Lors de notre dernière visite de solidarité à Calais, Haidar, qui vient du Soudan, nous disait : «  Je veux demander l’asile en France, je ne veux pas aller vers l’Angleterre. Mais je n’ai pas encore de rendez-vous pour faire ma demande, j’attends ici depuis des mois « . Un jeune afghan témoignait ce lundi à la VRT (5): « Cela fait 4 mois que nous sommes dans la jungle. Nous n’avons toujours pas pu être hébergés dans un centre jusqu’à présent. Maintenant nous sommes contents d’enfin pouvoir être pris en charge.« 

Le nombre élevé de mineurs qui attendent seuls à Calais (environ 1300) s’explique également par la politique des États. En effet, le règlement de Dublin prévoit clairement des mesures de regroupement familial. Mais l’Angleterre ne fait que très peu d’efforts pour respecter la loi et permettre aux mineurs isolés de rejoindre leurs proches déjà pris en charge outre-Manche. Le pays n’a pour l’instant accueilli que 194 MENA dans ce cadre (6), alors qu’ils sont plusieurs centaines à attendre depuis des mois.

On comprend donc qu’il existe de véritables raisons qui poussent les migrants de Calais à rester dans cette « jungle », aussi insalubre et inhospitalière soit-elle. Une personne sur cinq y réside depuis plus d’un an. Et chaque nuit, ils continuent de traverser la Manche en sautant sur un camion ou un train, faute de meilleure solution et bien souvent au risque de leur vie… Rien qu’en 2015, au moins 24 personnes sont décédées sur la route vers l’eldorado britannique, faute d’une alternative légale (7).

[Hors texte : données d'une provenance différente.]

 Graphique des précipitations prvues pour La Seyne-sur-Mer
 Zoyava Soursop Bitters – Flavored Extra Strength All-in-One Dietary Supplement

Un démantèlement « humanitaire » qui inquiète

Les autorités françaises font à présent de réels efforts pour trouver une solution à ce drame humain. Le gouvernement parle abondamment d’opération « humanitaire ». Tout le monde pense qu’il était urgent d’agir, et espère que cette opération sera effectivement un succès sur le plan humanitaire.

Mais les associations et les résidents de Calais restent inquiets. Environ 60% des migrants de la « jungle » répondaient en septembre qu’en cas de démantèlement, ils resteraient à Calais ou ils iraient dormir dans la rue1. Dans ce cas, on craint que le démantèlement n’améliore pas les conditions de vie des personnes et qu’il ne fasse que compliquer un peu plus la réalisation de leurs espoirs de rejoindre l’Angleterre. Et que va faire l’État de ces 2000 personnes qui aujourd’hui ne veulent pas quitter le camp ? Le ministre français déclare (8):  » Dans ce cas-là, il y aura certainement des arrestations.  »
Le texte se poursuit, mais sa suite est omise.